Zardari est considéré comme un politicien corrompu par la plupart des Pakistanais. Ses plus récentes gaffes vont profiter à l’armée pakistanaise, qui a organisé la plus part de l’aide fournie aux victimes des inondations.
Deuxièmement, une grande partie de l’aide d’urgence a été alloué aux projets de développement. Cela signifie que, que même si les gens peuvent survivre dans les prochains mois (mois qui seront probablement marqués par la famine et les épidémies) il n’y aura pas un véritable projet pour revenir à la situation normale. La réhabilitation et la reconstruction ne se réaliseront que dans un avenir lointain. Il y a déjà des signes que cela déclenchera un sentiment massif de colère contre l’État pakistanais. Les commentateurs spéculent sur la probabilité qu’ils se produisent des troubles graves et des protestations en raison du manque de nourriture.
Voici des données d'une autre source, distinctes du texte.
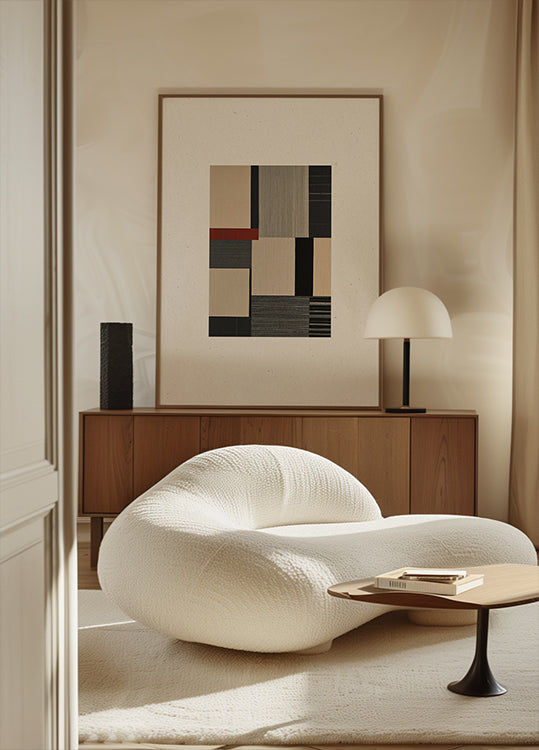 Geometric Harmony - Posterbox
Troisièmement, la catastrophe servira également à aggraver la situation ethnique déjà tendue au Pakistan. Au cours des dernières années, un affrontement important s’est développé entre les personnes déplacées en provenance de Khyber-Pukhtunkhwa (anciennement la province du Nord-Ouest) et le peuple du Sindh et du Punjab, qui croient que les réfugiés appauvrissent leurs ressources et sont responsables militantisme islamique.
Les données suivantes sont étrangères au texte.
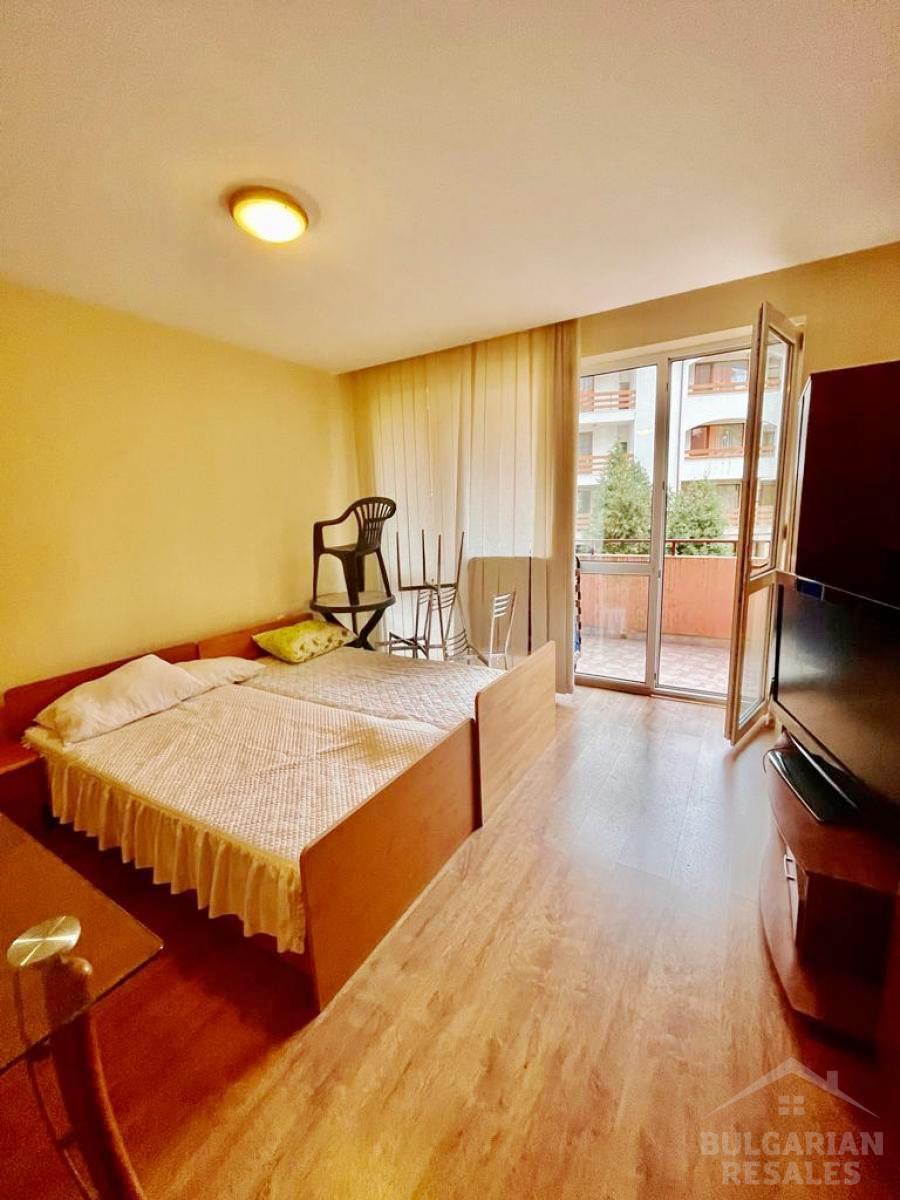 Studio z dużym balkonem w pierwszej linii kompleksu ID: 3842 - Фото6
Le pire aspect de la catastrophe humanitaire au Pakistan est le fait que l’aide internationale a été très lente à arriver. À ce jour, la communauté internationale a fourni la somme dérisoire de 150 millions de dollars d’aide. Les autorités pakistanaises estiment qu’ils auront besoin de milliards de dollars pour résoudre la crise.
Dans les médias américains, il y a des voix qui suggèrent que le problème est la fatigue des donateurs »ou « la fatigue du Pakistan "(ce qui implique que les morts pakistanais sont considérés comme moins importants que ceux causées par d’autres catastrophes naturelles) . La communauté internationale a offert, par exemple, 1 milliard de dollars d’aide suite au tremblement de terre en Haïti et environ 13 milliards de dollars pour aider l’Inde suite au tsunami.
L’impérialisme américain
Mais le problème est beaucoup plus simple : l’establishment américain a passé les dernières années à blâmer le Pakistan pour leurs difficultés en Afghanistan. Cela a trouvé un corollaire honteux, l’islamophobie rampante qui se développe aux États-Unis et en Europe.
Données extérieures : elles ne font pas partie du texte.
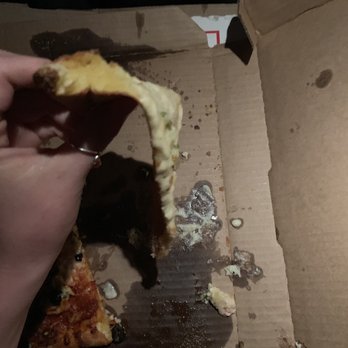 Domino's Pizza - Although looks were deceiving and it still tasted fine, it was the most flimsy and thin pizza I've had and just disappointing :( - Pizza Near Me - St George, Utah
Washington, par exemple, parvient à envoyer chaque année au Pakistan un milliard de dollars d’aide pour combattre les Talibans le long de la frontière afghane. Mais quand il s’agit de l’aide humanitaire, les États-Unis ne parviennent à trouver seulement qu’un petit montant de 70 millions de dollars.
La raison de cette somme dérisoire s’explique en partie parce le fait que les États-Unis sont plus préoccupés par leur agenda géopolitique dans la région que par l’aide humanitaire. Mais cela reflète aussi les pressions politiques exercées par l’aile conservatrice de establishment politicien américain qui accuse le Pakistan d’être responsable de l’échec américain en Afghanistan.
D’autres pays fournissent également un soutien limité. Par exemple, l’Inde voisine, un pays bien placé pour fournir une aide importante au Pakistan, a mis sa rivalité politique avant l’aide humanitaire, en fournissant seulement 5 millions de dollars d’aide. Les opportunistes politiques en Inde mettent en garde que toute l’aide envoyée au Pakistan aille dans les mains des « organisations terroristes ».
Les gens ordinaires au Pakistan sont pris entre la guerre en Afghanistan qui tue de plus en plus de Pakistanais les politiciens corrompus qui détruisent l’économie. La réponse des autorités américaines et pakistanaises aux inondations actuelles révèle l’échec des deux gouvernements à fournir une aide véritable pour le peuple du Pakistan.